Marylin Maeso : Il est aussi dans le quotidien et je dirai même qu’il est d’abord dans le quotidien. Ce que j’ai remarqué, et je pense que c’est constat qu’on peut tous faire, c’est que le qualificatif d’inhumain est généralement réservé à des phénomènes assez spectaculaires. C’est-à-dire assez exceptionnels. Vous l’avez dit : les guerres, les attentats, la torture… ce genre de choses. Or, ce qui m’a intéressée c’est ce que La peste m’a aidée à comprendre et finalement à formuler. C’est le fait que ces grandes manifestations de l’inhumain ne tombent pas du ciel. Je me souviens d’avoir lu quand j’étais en prépa un livre de l’historien Jacques Semelin qui s’intitule Purifier et détruire où il explique comment chacun des grands génocides de l’histoire a été précédé par une préparation idéologique de la population. Ce qui veut dire que, avant de se mettre à massacrer des millions de personnes, on prépare à travers les mots, à travers les discours qu’on martelait à la radio, qu’on placardait via des affiches sur les murs, on prépare la population à normaliser une situation qui auparavant pourrait paraitre anormale.

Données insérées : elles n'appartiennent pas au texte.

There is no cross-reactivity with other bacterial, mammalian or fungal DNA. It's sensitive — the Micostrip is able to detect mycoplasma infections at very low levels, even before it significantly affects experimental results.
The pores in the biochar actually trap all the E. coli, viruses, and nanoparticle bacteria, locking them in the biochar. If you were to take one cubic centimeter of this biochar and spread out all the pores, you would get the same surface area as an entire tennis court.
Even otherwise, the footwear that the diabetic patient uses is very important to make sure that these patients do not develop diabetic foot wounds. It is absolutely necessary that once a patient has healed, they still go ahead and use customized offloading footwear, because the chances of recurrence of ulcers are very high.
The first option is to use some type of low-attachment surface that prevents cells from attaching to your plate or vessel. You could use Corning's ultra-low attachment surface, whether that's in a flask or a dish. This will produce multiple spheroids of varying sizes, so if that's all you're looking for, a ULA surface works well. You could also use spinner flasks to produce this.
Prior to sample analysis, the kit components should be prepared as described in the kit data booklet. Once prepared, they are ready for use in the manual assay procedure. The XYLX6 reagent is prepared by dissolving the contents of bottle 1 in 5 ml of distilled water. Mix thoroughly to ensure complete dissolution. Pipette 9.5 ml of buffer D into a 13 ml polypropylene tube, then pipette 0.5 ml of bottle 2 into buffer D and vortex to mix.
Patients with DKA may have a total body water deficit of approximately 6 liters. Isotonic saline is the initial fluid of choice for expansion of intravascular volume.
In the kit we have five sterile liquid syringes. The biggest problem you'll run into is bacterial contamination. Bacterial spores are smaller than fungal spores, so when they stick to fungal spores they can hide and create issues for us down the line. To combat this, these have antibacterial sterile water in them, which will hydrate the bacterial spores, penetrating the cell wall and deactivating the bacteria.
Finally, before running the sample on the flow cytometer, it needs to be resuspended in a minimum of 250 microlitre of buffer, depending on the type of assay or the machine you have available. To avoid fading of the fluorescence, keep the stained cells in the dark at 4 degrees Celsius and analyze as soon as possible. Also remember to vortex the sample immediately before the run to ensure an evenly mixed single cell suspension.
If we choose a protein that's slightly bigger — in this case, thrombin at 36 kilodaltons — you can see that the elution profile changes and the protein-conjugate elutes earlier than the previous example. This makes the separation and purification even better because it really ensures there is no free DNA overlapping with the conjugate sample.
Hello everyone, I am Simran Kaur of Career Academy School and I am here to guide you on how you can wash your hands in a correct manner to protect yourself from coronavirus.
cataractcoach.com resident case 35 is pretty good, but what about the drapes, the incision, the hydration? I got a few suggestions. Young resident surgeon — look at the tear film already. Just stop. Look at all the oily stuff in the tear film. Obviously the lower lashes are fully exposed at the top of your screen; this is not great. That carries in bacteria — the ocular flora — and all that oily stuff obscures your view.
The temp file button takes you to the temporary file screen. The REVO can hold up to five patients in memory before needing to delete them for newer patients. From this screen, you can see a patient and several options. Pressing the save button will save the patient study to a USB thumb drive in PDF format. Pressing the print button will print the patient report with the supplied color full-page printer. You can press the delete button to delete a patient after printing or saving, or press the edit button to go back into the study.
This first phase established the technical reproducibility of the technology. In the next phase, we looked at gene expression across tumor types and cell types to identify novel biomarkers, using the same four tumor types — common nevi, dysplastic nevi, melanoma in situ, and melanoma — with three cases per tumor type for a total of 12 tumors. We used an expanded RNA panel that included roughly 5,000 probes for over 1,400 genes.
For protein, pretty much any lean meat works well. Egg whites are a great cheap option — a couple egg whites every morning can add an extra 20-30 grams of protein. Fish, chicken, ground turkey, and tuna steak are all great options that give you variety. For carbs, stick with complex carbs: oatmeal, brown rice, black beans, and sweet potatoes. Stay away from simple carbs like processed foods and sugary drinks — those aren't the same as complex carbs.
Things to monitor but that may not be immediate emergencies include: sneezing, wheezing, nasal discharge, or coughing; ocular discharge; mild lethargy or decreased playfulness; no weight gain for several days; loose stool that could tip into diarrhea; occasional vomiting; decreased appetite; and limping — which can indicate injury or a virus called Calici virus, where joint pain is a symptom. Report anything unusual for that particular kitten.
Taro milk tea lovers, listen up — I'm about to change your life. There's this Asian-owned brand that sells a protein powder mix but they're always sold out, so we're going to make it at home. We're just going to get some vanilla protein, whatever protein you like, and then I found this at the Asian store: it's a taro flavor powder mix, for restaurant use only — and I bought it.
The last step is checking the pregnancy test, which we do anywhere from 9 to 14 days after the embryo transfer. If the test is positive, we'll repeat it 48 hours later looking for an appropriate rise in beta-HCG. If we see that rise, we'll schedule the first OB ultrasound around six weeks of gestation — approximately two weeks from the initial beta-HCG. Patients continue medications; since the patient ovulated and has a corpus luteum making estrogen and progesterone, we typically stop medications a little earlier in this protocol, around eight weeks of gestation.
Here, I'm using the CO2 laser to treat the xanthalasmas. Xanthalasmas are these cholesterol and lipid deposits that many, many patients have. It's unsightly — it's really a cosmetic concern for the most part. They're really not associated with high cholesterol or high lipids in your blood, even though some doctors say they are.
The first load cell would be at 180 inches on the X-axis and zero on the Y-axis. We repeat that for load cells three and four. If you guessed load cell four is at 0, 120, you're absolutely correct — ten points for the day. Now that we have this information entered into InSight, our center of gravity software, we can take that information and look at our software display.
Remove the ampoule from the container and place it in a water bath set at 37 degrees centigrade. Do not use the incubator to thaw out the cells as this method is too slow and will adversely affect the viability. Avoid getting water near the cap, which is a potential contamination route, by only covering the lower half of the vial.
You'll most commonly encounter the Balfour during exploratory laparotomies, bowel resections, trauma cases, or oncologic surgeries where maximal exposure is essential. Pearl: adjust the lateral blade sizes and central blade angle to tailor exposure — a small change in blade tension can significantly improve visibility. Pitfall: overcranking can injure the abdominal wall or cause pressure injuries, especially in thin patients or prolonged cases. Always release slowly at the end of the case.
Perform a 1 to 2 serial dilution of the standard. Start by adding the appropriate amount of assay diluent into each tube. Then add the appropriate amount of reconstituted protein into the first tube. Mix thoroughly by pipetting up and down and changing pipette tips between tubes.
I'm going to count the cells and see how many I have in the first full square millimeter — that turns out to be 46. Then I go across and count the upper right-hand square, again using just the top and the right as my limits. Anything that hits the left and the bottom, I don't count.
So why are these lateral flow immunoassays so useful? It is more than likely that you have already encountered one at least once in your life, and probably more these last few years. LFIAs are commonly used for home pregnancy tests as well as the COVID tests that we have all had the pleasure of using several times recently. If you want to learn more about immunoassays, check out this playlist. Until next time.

C’est ce que l’on trouve dans La peste d’ailleurs lorsque. Dès les premières lignes du roman, le narrateur explique que les oranais, ce qui les caractérise finalement, ce n’est rien. C’est-à-dire que comme n’importe lequel d’entre nous, à Oran on s’ennuie et on s’attache à prendre des habitudes. Et cette notion d’habitude est centrale parce que l’habitude c’est à la fois ce qui est confortable, ce qui est rassurant, ce qui nous aide à vivre parce qu’on a besoin des habitudes et des repères. Et en même temps, c’est ce qui peut nous amener à nous endormir. Quelque chose qui, au départ, va être remarqué par nous peut nous choquer. Si on le voit de manière répétitive, finalement c’est légitimé par un discours officiel dans les médias, on finit par s’y habituer et donc ne plus voir son potentiel délétère.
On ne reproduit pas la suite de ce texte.